[TO DO]
Whenever the word "Ford" turns up in a line below, that line should be copied.

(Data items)

┄┄┄┄┄┄

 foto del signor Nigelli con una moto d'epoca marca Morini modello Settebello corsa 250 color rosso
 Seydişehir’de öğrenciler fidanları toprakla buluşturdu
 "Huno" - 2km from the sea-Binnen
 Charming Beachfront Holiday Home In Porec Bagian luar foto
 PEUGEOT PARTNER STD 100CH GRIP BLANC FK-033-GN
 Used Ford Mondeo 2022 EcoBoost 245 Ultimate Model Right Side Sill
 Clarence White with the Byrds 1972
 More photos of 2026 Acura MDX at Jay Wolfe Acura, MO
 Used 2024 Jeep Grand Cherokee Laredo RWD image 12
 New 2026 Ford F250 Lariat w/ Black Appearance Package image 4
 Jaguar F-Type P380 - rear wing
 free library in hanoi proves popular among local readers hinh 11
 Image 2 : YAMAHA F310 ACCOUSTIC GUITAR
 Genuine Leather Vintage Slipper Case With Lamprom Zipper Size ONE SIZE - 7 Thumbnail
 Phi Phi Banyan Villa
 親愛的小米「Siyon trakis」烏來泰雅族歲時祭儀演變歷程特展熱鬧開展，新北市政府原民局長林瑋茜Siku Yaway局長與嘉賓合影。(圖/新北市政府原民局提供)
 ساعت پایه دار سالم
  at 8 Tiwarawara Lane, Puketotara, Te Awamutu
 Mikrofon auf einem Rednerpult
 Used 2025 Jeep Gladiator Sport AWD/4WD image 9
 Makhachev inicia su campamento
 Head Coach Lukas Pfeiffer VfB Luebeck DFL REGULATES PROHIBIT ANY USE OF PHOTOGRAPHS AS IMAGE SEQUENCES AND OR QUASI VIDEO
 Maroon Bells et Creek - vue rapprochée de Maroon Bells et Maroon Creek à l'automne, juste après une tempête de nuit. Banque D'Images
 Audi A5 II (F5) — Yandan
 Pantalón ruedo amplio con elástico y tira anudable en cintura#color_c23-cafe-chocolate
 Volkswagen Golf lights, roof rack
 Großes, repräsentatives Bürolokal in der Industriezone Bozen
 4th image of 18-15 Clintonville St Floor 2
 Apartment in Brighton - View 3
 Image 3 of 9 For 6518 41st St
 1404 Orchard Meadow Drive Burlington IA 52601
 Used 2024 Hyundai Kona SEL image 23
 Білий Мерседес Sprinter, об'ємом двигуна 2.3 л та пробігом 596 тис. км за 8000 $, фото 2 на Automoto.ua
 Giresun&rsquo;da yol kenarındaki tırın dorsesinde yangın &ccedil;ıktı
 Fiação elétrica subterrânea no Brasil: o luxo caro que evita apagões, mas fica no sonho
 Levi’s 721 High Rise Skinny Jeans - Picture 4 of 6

┄┄┄┄┄┄

[EXERCISE OUTPUT]
 Used Ford Mondeo 2022 EcoBoost 245 Ultimate Model Right Side Sill
 New 2026 Ford F250 Lariat w/ Black Appearance Package image 4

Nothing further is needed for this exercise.